[DATA EXCERPTS — start]

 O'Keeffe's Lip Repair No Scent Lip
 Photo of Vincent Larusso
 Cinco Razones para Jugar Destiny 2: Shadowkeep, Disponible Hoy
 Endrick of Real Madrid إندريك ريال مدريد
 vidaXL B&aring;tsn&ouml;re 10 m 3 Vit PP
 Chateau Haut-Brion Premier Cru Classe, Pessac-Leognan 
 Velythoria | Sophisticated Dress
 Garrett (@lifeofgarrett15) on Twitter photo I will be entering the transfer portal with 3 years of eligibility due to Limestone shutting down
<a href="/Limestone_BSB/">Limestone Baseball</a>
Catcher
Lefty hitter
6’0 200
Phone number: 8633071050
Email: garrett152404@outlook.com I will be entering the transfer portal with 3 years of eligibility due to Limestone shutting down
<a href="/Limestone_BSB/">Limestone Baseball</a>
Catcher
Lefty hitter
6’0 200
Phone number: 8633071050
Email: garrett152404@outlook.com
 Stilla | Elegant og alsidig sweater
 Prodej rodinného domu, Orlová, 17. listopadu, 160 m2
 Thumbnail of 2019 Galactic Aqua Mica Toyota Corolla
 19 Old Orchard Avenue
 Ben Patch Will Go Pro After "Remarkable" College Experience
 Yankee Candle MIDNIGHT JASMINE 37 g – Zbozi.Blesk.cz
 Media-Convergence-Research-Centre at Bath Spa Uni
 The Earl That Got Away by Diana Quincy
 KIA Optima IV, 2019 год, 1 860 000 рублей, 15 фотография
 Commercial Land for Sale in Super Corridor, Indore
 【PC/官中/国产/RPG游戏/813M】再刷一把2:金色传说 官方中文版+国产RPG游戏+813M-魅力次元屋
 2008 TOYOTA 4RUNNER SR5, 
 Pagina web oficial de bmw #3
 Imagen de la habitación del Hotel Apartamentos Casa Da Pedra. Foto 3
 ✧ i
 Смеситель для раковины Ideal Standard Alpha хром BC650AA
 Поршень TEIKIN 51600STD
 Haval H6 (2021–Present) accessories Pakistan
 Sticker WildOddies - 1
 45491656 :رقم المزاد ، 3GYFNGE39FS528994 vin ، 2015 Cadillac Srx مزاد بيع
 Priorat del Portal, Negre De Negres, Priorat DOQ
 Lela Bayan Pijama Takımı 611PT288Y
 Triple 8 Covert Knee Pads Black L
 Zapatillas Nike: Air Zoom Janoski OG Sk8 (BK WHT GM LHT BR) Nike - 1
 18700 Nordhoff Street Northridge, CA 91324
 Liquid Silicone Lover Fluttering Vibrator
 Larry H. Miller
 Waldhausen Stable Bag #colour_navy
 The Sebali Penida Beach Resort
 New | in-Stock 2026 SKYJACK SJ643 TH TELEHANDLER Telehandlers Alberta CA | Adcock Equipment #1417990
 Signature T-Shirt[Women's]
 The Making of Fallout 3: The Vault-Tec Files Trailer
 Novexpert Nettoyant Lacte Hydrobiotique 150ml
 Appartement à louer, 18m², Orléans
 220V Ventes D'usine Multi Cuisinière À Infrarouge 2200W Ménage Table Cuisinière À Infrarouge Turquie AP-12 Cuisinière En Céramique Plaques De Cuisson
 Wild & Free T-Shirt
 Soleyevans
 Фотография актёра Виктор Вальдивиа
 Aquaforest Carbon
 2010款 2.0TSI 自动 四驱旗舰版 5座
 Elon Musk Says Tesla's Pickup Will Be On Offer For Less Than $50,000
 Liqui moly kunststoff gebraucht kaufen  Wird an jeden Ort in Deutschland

[DATA EXCERPTS — finish]

◆ **WORK ORDER**
All lines from the one with "Смеситель для раковины" onward to the end of the records above should be repeated exactly, and only those lines.

◆ **RESPONSE BELOW**
 Смеситель для раковины Ideal Standard Alpha хром BC650AA
 Поршень TEIKIN 51600STD
 Haval H6 (2021–Present) accessories Pakistan
 Sticker WildOddies - 1
 45491656 :رقم المزاد ، 3GYFNGE39FS528994 vin ، 2015 Cadillac Srx مزاد بيع
 Priorat del Portal, Negre De Negres, Priorat DOQ
 Lela Bayan Pijama Takımı 611PT288Y
 Triple 8 Covert Knee Pads Black L
 Zapatillas Nike: Air Zoom Janoski OG Sk8 (BK WHT GM LHT BR) Nike - 1
 18700 Nordhoff Street Northridge, CA 91324
 Liquid Silicone Lover Fluttering Vibrator
 Larry H. Miller
 Waldhausen Stable Bag #colour_navy
 The Sebali Penida Beach Resort
 New | in-Stock 2026 SKYJACK SJ643 TH TELEHANDLER Telehandlers Alberta CA | Adcock Equipment #1417990
 Signature T-Shirt[Women's]
 The Making of Fallout 3: The Vault-Tec Files Trailer
 Novexpert Nettoyant Lacte Hydrobiotique 150ml
 Appartement à louer, 18m², Orléans
 220V Ventes D'usine Multi Cuisinière À Infrarouge 2200W Ménage Table Cuisinière À Infrarouge Turquie AP-12 Cuisinière En Céramique Plaques De Cuisson
 Wild & Free T-Shirt
 Soleyevans
 Фотография актёра Виктор Вальдивиа
 Aquaforest Carbon
 2010款 2.0TSI 自动 四驱旗舰版 5座
 Elon Musk Says Tesla's Pickup Will Be On Offer For Less Than $50,000
 Liqui moly kunststoff gebraucht kaufen  Wird an jeden Ort in Deutschland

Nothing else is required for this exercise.